Table 4: Mean Change in the Components of the ACR
Responder Index in Patients with Active RA in Trials 1, 2, and 3*
|Components||Placebo-Controlled Studies||Non-placebo Controlled Study|
|Trial 1 (12 months)||Trial 2 Non-US (6 months)||Trial 3 Non-US (12 months)|
|Leflu- nomide||Metho- trexate||Placebo||Leflu- nomide||Sulfa- salazine||Placebo||Leflu- nomide||Metho- trexate|
|Tender joint count 1||-7.7||-6.6||-3.0||-9.7||-8.1||-4.3||-8.3||-9.7|
|Swollen joint count 1||-5.7||-5.4||-2.9||-7.2||-6.2||-3.4||-6.8||-9.0|
|Patient global assessment2||-2.1||-1.5||0.1||-2.8||-2.6||-0.9||-2.3||-3.0|
|Physician global assessment2||-2.8||-2.4||-1.0||-2.7||-2.5||-0.8||-2.3||-3.1|
|Physical function/disability (MHAQ/HAQ)||-0.29||-0.15||0.07||-0.50||-0.29||-0.04||-0.37||-0.44|
|Erythrocyte Sedimentation rate||-6.26||-6.48||2.56||-7.48||-16.56||3.44||-10.12||-22.18|
|Not included in the ACR Responder Index|
|Morning Stiffness (min)||-101.4||-88.7||14.7||-93.0||-42.4||-6.8||-63.7||-86.6|
|* Last Observation Carried Forward; Negative Change
1 Based on 28 joint count
2 Visual Analog Scale -0=Best; 10=Worst
Maintenance of effect
After completing 12 months of treatment, patients continuing on study treatment were evaluated for an additional 12 months of double-blind treatment (total treatment period of 2 years) ,. ACR Responder rates at 12 months were maintained over 2 years in most patients continuing a second year of treatment.
Improvement from baseline in the individual components of the ACR responder criteria was also sustained in most patients during the second year of Arava treatment in all three trials.
The change from baseline to endpoint in progression of structural disease, as measured by the Sharp X-ray score, is displayed in Figure 3. ARAVA was statistically significantly superior to placebo in inhibiting the progression of disease by the Sharp Score.
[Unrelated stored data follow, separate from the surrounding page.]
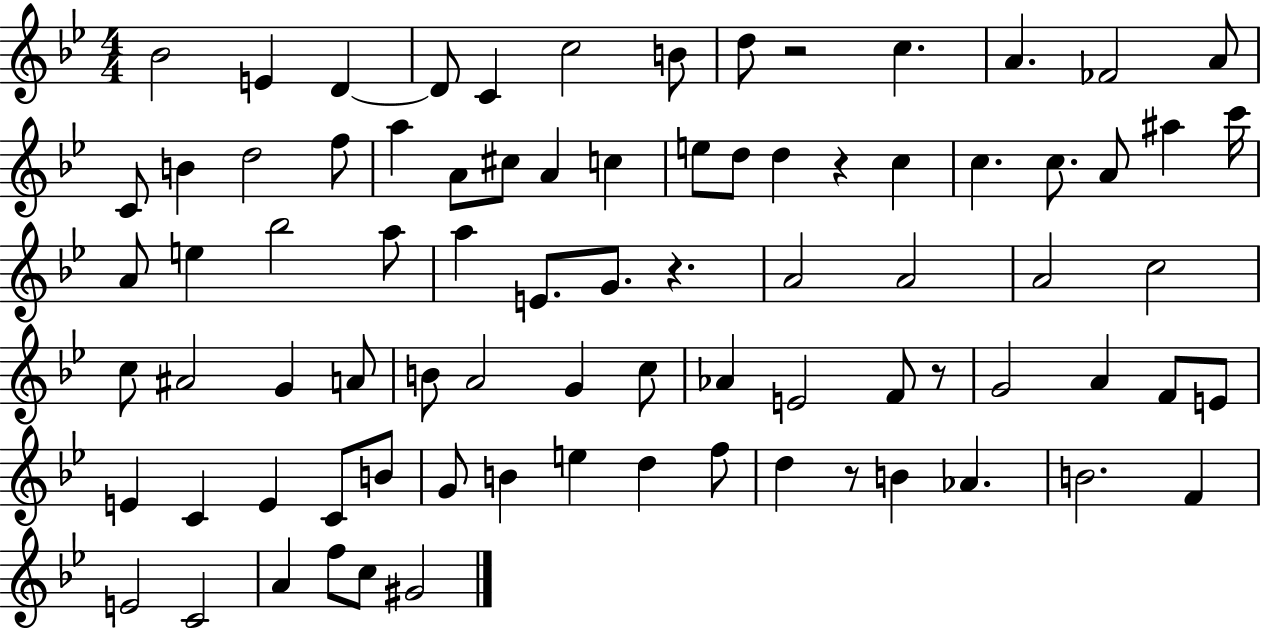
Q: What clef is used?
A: treble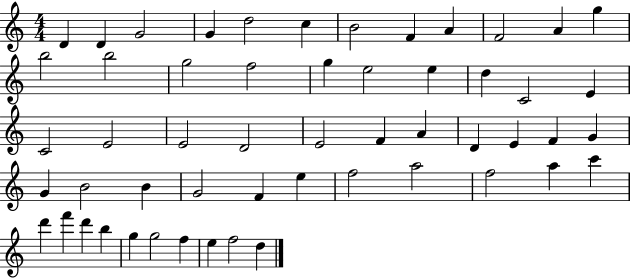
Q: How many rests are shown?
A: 0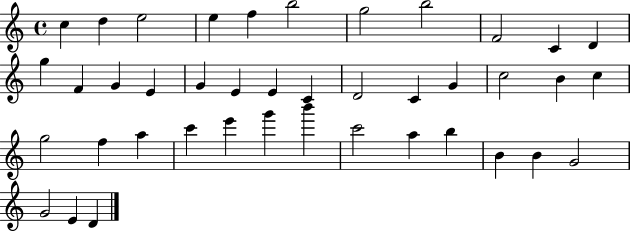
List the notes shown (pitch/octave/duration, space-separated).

C5/q D5/q E5/h E5/q F5/q B5/h G5/h B5/h F4/h C4/q D4/q G5/q F4/q G4/q E4/q G4/q E4/q E4/q C4/q D4/h C4/q G4/q C5/h B4/q C5/q G5/h F5/q A5/q C6/q E6/q G6/q B6/q C6/h A5/q B5/q B4/q B4/q G4/h G4/h E4/q D4/q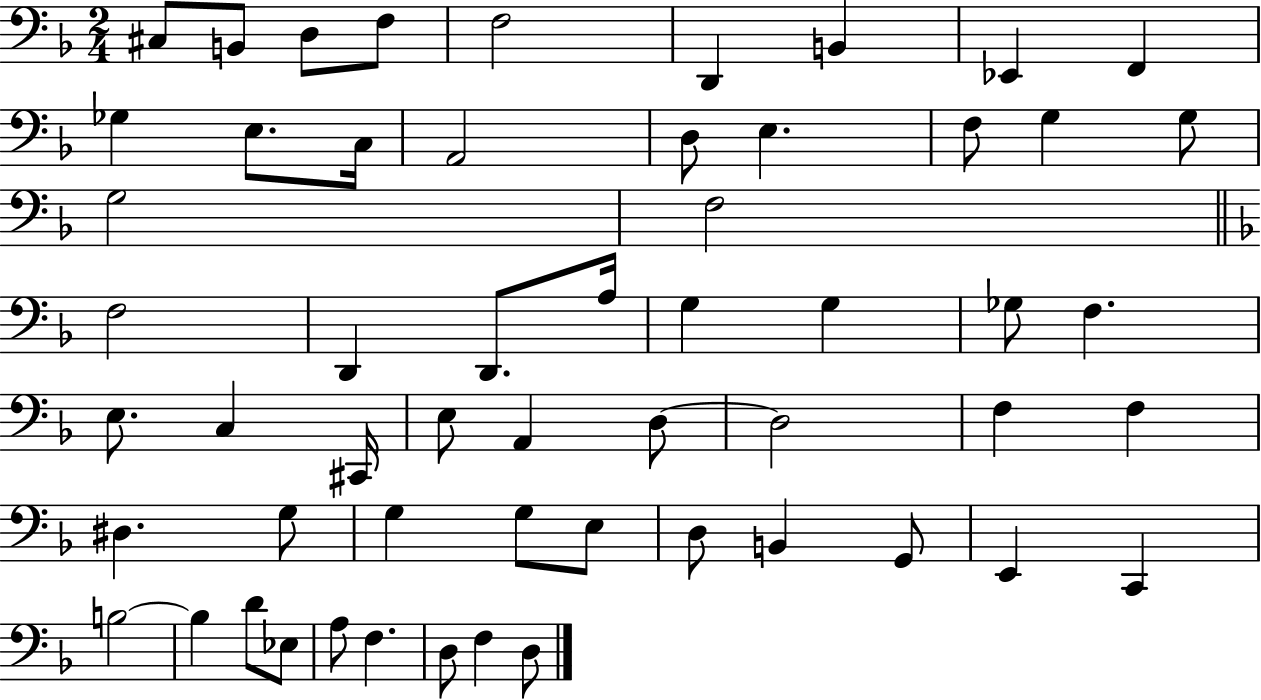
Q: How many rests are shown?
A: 0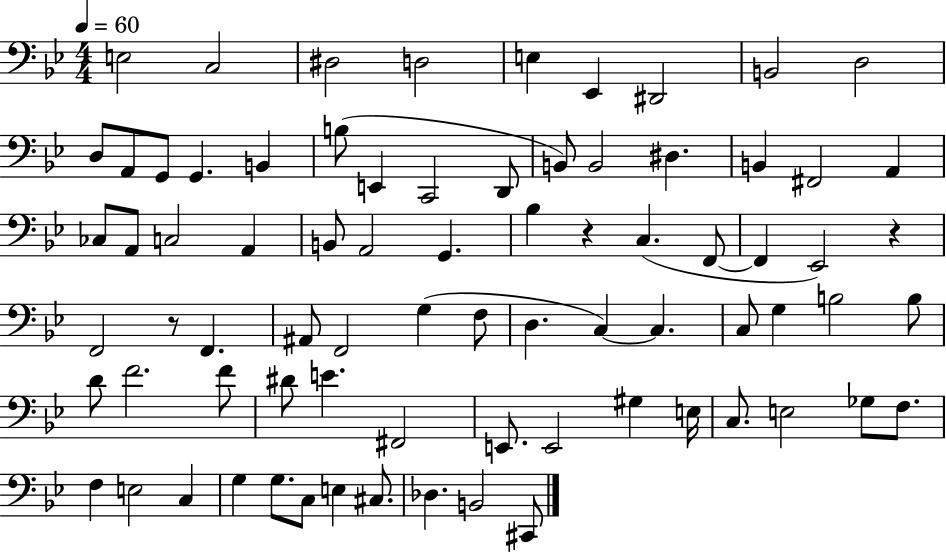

No consistent differences were demonstrated between leflunomide and methotrexate or between leflunomide and sulfasalazine.
Figure 3: Change in Sharp Score in Patients with
Active RA in Trials 1, 2, and 3
Physical Function Response
The Health Assessment Questionnaire (HAQ) assesses a patient's physical function and degree of disability. The mean change from baseline in functional ability as measured by the HAQ Disability Index (HAQ DI) in the 6 and 12 month placebo and active controlled trials is shown in Figure 4. ARAVA was statistically significantly superior to placebo in improving physical function. Superiority to placebo was demonstrated consistently across all eight HAQ DI subscales (dressing, arising, eating, walking, hygiene, reach, grip and activities) in both placebo controlled studies.
The Medical Outcomes Survey Short Form 36 (SF-36), a generic health-related quality of life questionnaire, further addresses physical function. In Trial 1, at 12 months, ARAVA provided statistically significant improvements compared to placebo in the Physical Component Summary (PCS) Score.
Figure 4: Change in Functional Ability Measure in
Patients with Active RA in Trials 1, 2, and 3*
Maintenance of effect
The improvement in physical function demonstrated at 6 and 12 months was maintained over two years. In those patients continuing therapy for a second year, this improvement in physical function as measured by HAQ and SF-36 (PCS) was maintained.
Last reviewed on RxList: 9/15/2015
This monograph has been modified to include the generic and brand name in many instances.